What are the lines below, starting at the line containing "Snapshot of hornymonkey991" and ending at the line containing "619 Lexington Square West"? Write them out exactly, ends included, without pictures.
[[ DATA EXTRACTS, beginning ]]
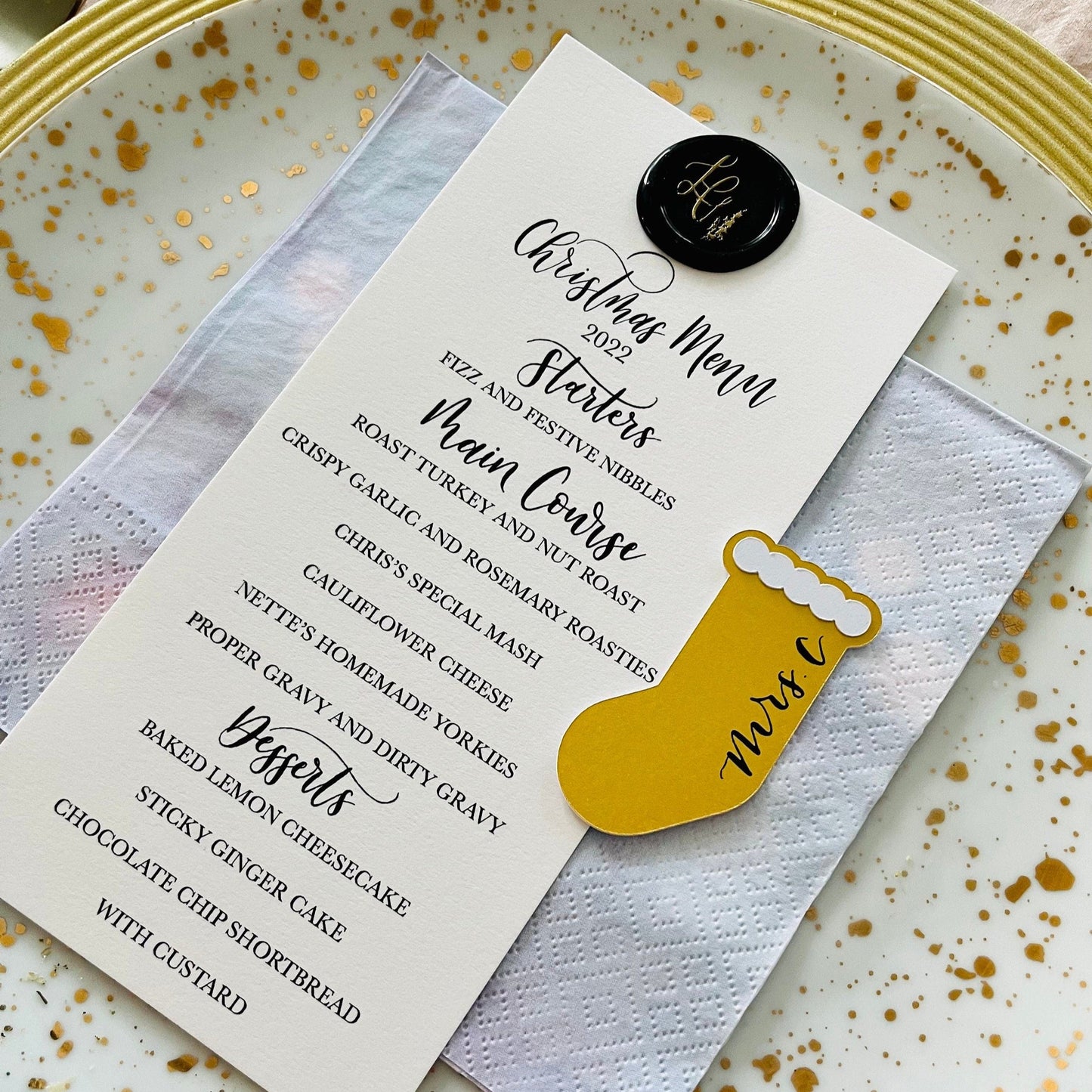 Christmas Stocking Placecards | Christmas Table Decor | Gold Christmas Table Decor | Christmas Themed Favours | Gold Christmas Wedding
[[ DATA EXTRACTS, end ]]
[[ DATA EXTRACTS, beginning ]]
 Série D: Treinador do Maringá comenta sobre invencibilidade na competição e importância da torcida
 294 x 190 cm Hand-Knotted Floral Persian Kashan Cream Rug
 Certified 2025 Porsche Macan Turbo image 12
[[ DATA EXTRACTS, end ]]
[[ DATA EXTRACTS, beginning ]]
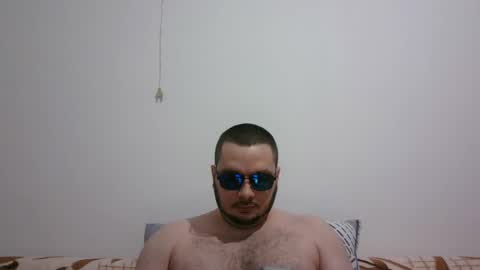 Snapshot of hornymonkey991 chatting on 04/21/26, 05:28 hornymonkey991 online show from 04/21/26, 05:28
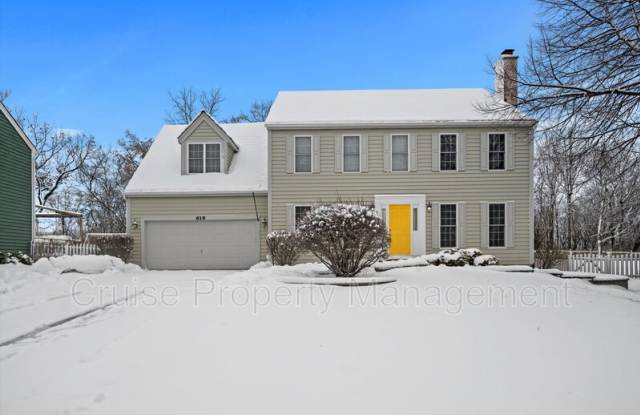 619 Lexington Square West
[[ DATA EXTRACTS, end ]]
— REPLY —
 Snapshot of hornymonkey991 chatting on 04/21/26, 05:28 hornymonkey991 online show from 04/21/26, 05:28
 619 Lexington Square West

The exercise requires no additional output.